What should you do when your team goes from yelling on the sidelines to yelling at each other?

As the cheerleading season gets into full swing, has your team encountered any conflicts? As captain or coach of your cheerleading squad, it is your responsibility to know what is going on between team members, and to manage any conflicts that involve parents.

A cheerleading team that has solid relationships is going to have solid performances. A team that has shaky relationships is going to have shaky performances. Conflict is ultimately inevitable, but completely manageable. Keep your team attitude healthy with these tips:

Get ahead of the game.
Use organization and initiative to prevent confusion among the squad and their parents. After try outs, hold a mandatory meeting with the squad and their parents where the coach and captain can give some background on their experience and training philosophy.

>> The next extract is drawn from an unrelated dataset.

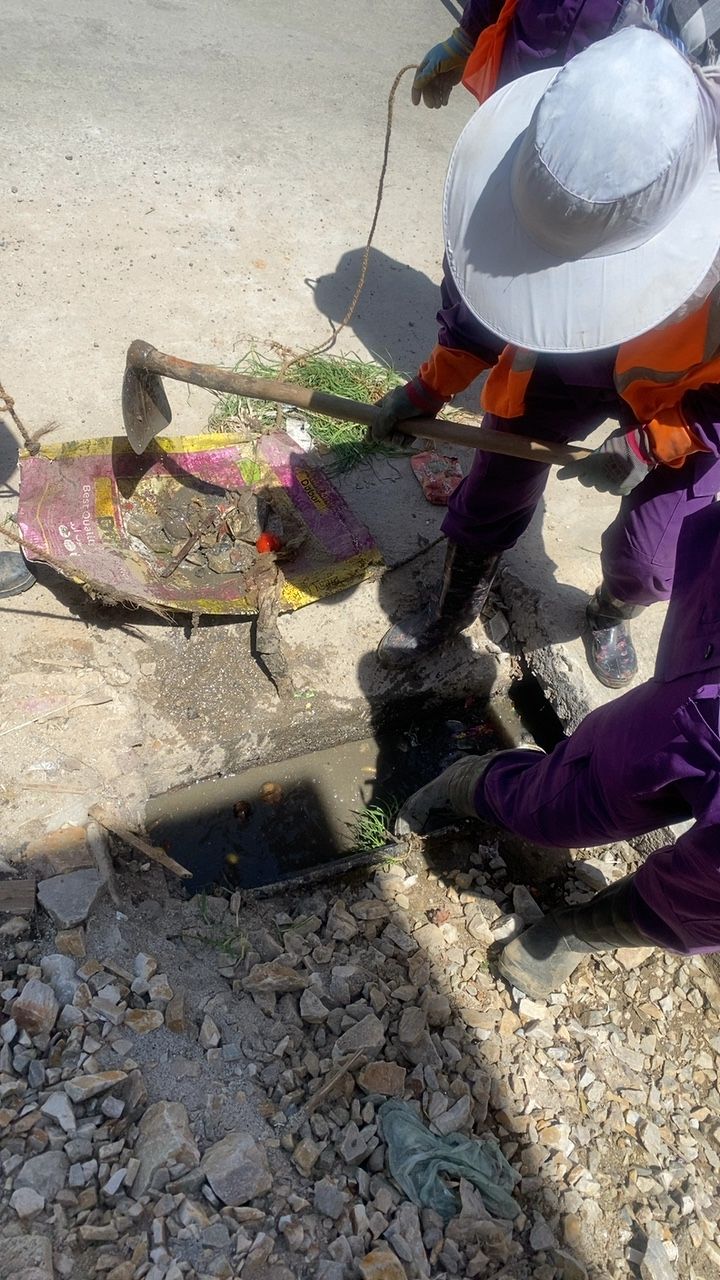 During cleaning photo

If they understand and relate to the coach and captain, they will be less likely to jump to conclusions about them.

Also take the opportunity at the meeting to clearly explain expectations, disciplinary actions, and the year's schedule of events. Hand out a form with the squad rules for each team member and parent to sign.

Communication is key to reconciliation.
A cheerleading squad's coach and captain should always lead by example. Keeping the lines of communication open will make it easier to recognize and manage conflict. When the season starts, the team should be told how the coach and captain expect conflicts to be handled. It should also be made clear to parents when and how they may contact the coach if they need to discuss anything.

Who's the boss?
What is the difference between the captain handling a conflict, and the coach handling a conflict? A good rule to follow is to let the captain handle small conflicts between teammates, and to get the coach involved when the conflict is with a parent or if sensitive issues are involved.

Approach with optimism.
As frustrating as conflict can be, a good leader knows that approaching a resolution with a negative attitude isn't going to accomplish much. The coach or captain should concentrate on solving the conflict, and should only get as much information as they need to do so. Personal and past issues between team members must be put aside and everyone should remember to focus on solving the problem so that the goals of the team can be met.

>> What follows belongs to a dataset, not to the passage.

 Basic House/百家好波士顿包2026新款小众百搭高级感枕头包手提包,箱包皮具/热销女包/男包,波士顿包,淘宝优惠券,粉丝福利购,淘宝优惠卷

Mediation vs. legislation.
A good leader needs to decide when to be hands on and when to be hands off. When managing a conflict, remember to be open-minded so that you can try to let the conflict solve itself naturally. By managing a conflict resolution meeting, you can get a genuine solution that will prevent the same problem from happening again. If you push for, demand or declare a certain outcome without addressing any issues, it is likely that you'll have the same problem later down the road. Learn when to mediate vs. when to legislate.

Let's NOT give 'em something to talk about.
The only people that should be involved in the conflict resolution are the people that are directly involved in the conflict. If the coach and captain are talking about the conflict and the people involved to other team members, they will set an example that gossiping is tolerated.

If you find that your team continues to have conflicts, try revisiting some respect and trust building exercises to reinforce the feeling of team.